====== Available records ======

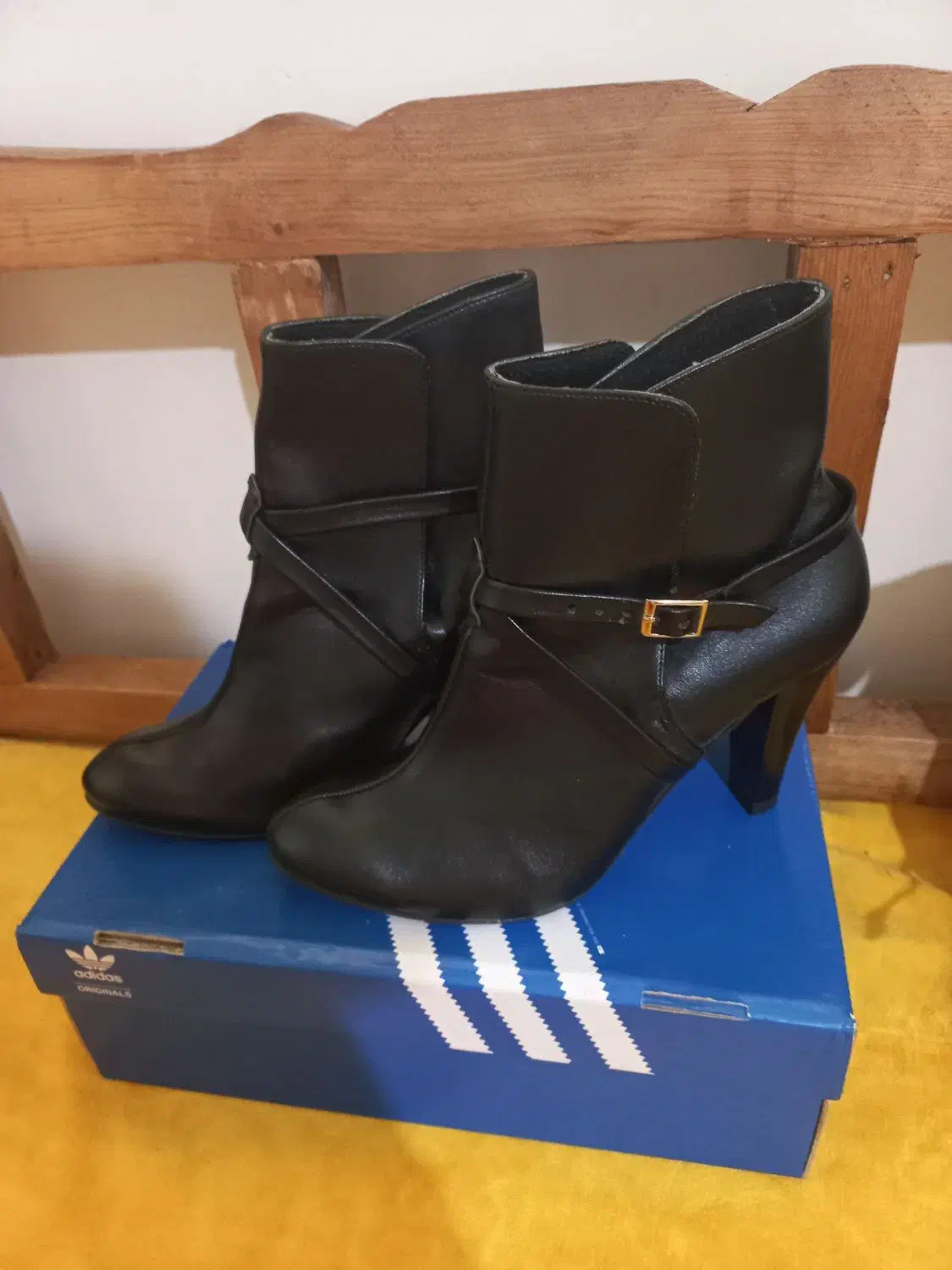 کفش چرم اصل درحدنو|کیف، کفش، کمربند|اندیشه, اندیشه فاز ۴|دیوار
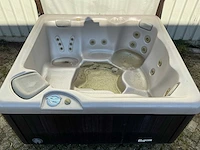 Calefornia cooperage jacuzzi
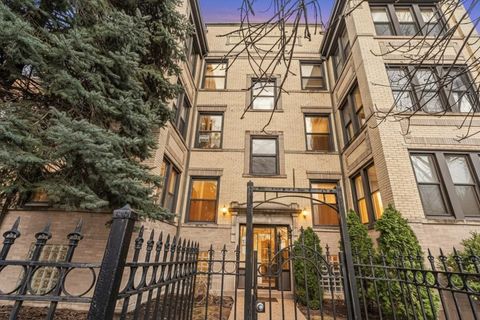 Photo of 4829 N Kimball Avenue #1, Chicago, IL 60625 (MLS # 12591342)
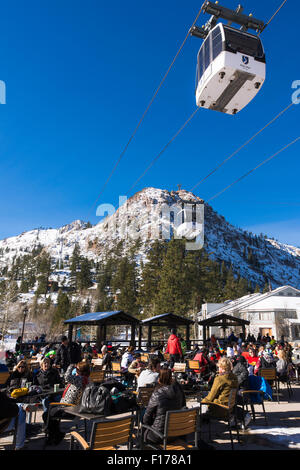 In gondola per il villaggio di Squaw Valley Resort, Lake Tahoe, California Foto Stock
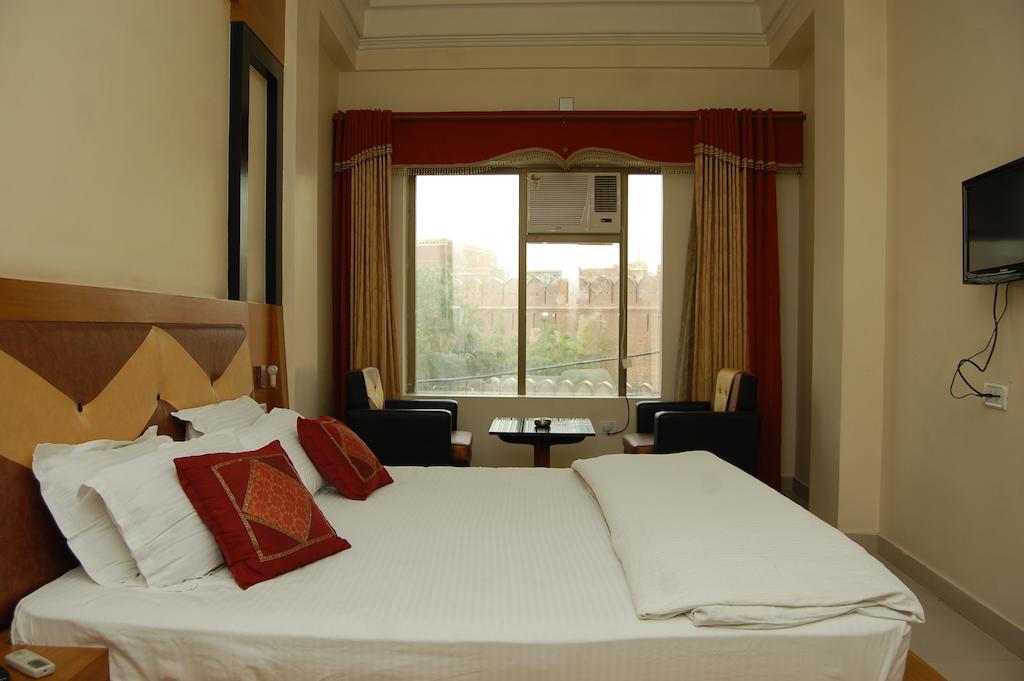Metro Palace Hotel Bikaner Bagian luar foto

======

◆ **Task details**
All of the material above should be set down again exactly, though not its pictures.

◆ **Answer area**
 کفش چرم اصل درحدنو|کیف، کفش، کمربند|اندیشه, اندیشه فاز ۴|دیوار
 Calefornia cooperage jacuzzi
 Photo of 4829 N Kimball Avenue #1, Chicago, IL 60625 (MLS # 12591342)
 In gondola per il villaggio di Squaw Valley Resort, Lake Tahoe, California Foto Stock
Metro Palace Hotel Bikaner Bagian luar foto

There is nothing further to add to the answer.